Low back pain is one of the most common reasons people visit the doctor – for obvious reasons. For some, the discomfort can be disabling, making it difficult to sleep or perform simple activities, like putting on shoes or picking up kids. It can also affect a career. In fact, low back pain is among the most frequent reasons for job-related disability and a leading contributor to missed work.
Historically, chronic lower back pain, which lasts more than three months, has been very difficult to treat. Now, a growing body of research is providing evidence that the condition can be alleviated using yoga.
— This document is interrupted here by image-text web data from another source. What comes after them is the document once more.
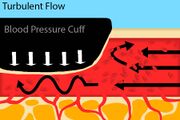 Fig. 4: An artery with a blood pressure cuff where the cuff pressure is less than the systolic, but still greater than the diastolic blood pressure.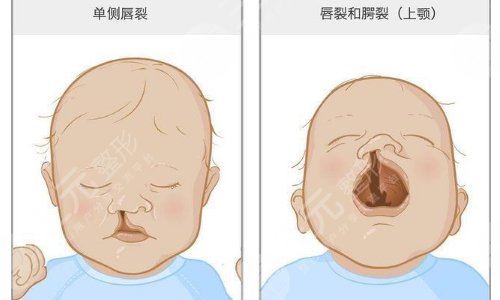 唇腭裂的危害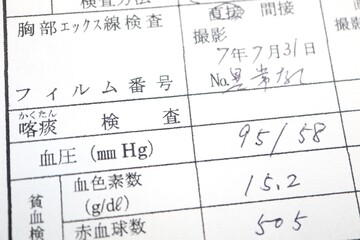 健康診断の血圧測定結果。収縮期95拡張期58の低血圧。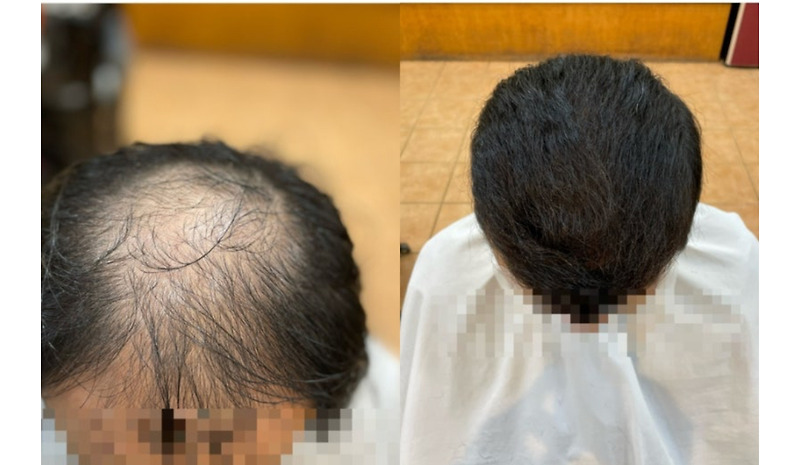 대머리남자탈모 리얼대변신 부산사상구추천미용실 머리잘하는탈모커버펌헤어스타일르네시떼헤어숍탈모컷에서펌염색복구클리닉두피케어탈모케어원스톱 원탑관리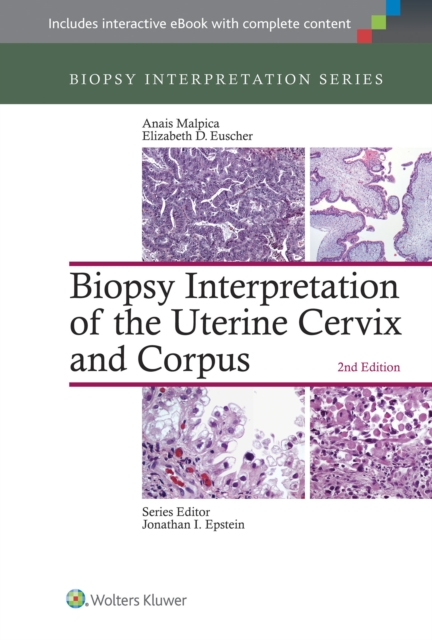 Biopsy Interpretation of the Uterine Cervix and Corpus, Hardback Book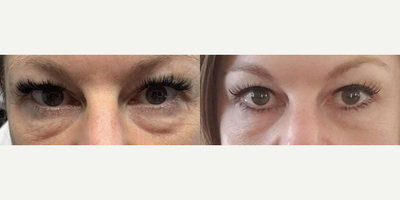 35-44 year old woman treated with Microneedling - Gender: FemaleEthnicity: CaucasianAge: 41 - 50Procedure: Agnes RF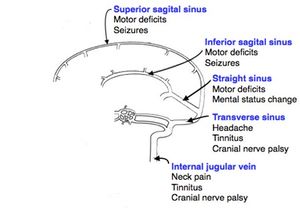 Sinus thrombosis.jpg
According to study findings published in the October issue of the Archives of Internal Medicine, weekly yoga or deep stretching classes were effective in reducing pain and improving mobility – yielding better results than simply following an at-home care plan. In addition to experiencing fewer symptoms and less pain after following the exercise program, many people who attended the classes reported that they scaled back their medication usage.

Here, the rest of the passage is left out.